France, Germany, Italy, the Netherlands, Spain and the UK are taking action versus Google over its controversial unified privacy policy. Reuters

In what is shaping up to be a massive cross-continental brawl over consumer data in the digital age, authorities in six European countries are investigating Google Inc. (NASDAQ:GOOG) over its privacy policy.

The investigations are being carried out by data-protection authorities in France, Germany, Italy, the Netherlands, Spain and the UK following a recommendation from the Commission Nationale de l’Informatique et des Libertés, or CNIL, the French data-protection watchdog that has been investigating Google’s controversial unified privacy policy since it was first implemented 13 months ago.

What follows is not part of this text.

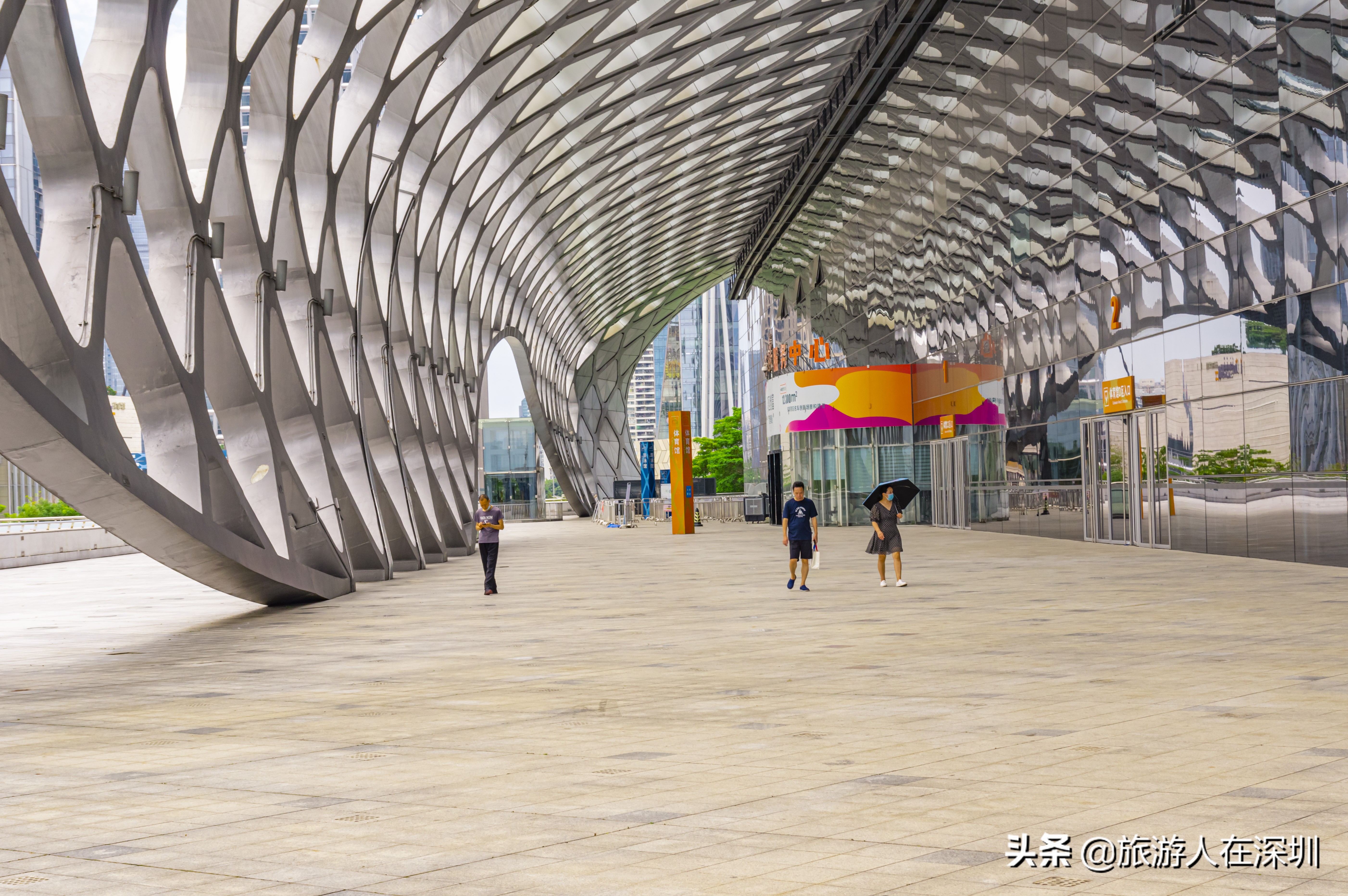 现代建筑北京鸟巢,深圳湾体育中心建筑物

In a press release on Tuesday, the CNIL wrote that Google’s policy remains in noncompliance with Europe’s Data Protection Directive, despite recommendations it published in October, which had asked Google to implement compliance measures within four months. The CNIL also wrote that a March 19 meeting between a data-protection taskforce and Google representatives yielded no progress, as the privacy policy remains unchanged. As a result, the group recommended that authorities in the European countries escalate the matter.

“It is now up to each national data protection authority to carry out further investigations according to the provisions of its national law transposing European legislation,” the CNIL wrote on its website. “Consequently, all the authorities composing the taskforce have launched actions on 2 April 2013 on the basis of the provisions laid down in their respective national legislation (investigations, inspections, etc.).”

Data-protection officials in most of the individual countries were not immediately available for comment, but the Italian Data Protection Authority did confirm with International Business Times that it had already begun its investigation. “Italian DPA has notified Google [about] the initiation of a procedure to verify whether the Google privacy policy is compliant with the Italian national legislation,” said Francesco Vitali, a spokesman for the authority, in an email message.

In an emailed statement to the International Business Times, a spokesperson for Google said its privacy policy “respects European law and allows us to create simpler, more effective services.” The spokesman added: “We have engaged fully with the DPAs involved throughout this process, and we’ll continue to do so going forward.”

Unlike in the United States, where data privacy is loosely regulated by the states, the European Union regulates companies’ abilities to collect personal information -- and the regulations are generally much stricter than in the U.S.

Europe’s fight with Google comes at a time when those already-tough data-protection laws are poised to get even tougher. In December, the European Commission proposed a comprehensive reform to the data-protection rules it established in 1995, eons ago in the tech world.

In a press release at the time, the commission said its aim is to “strengthen online privacy rights and boost Europe's digital economy.” At the same time, the proposed rules could have serious implications for Google, Facebook and other U.S. tech companies whose livelihoods depend on their ability to sell advertising based on data they collect from their users.

The CNIL’s announcement came less than a day after Forbes reported that Alma Whitten, Google’s first director of privacy, is planning to step down. When the position was first announced in 2010, CNET called it “Google’s hardest job.”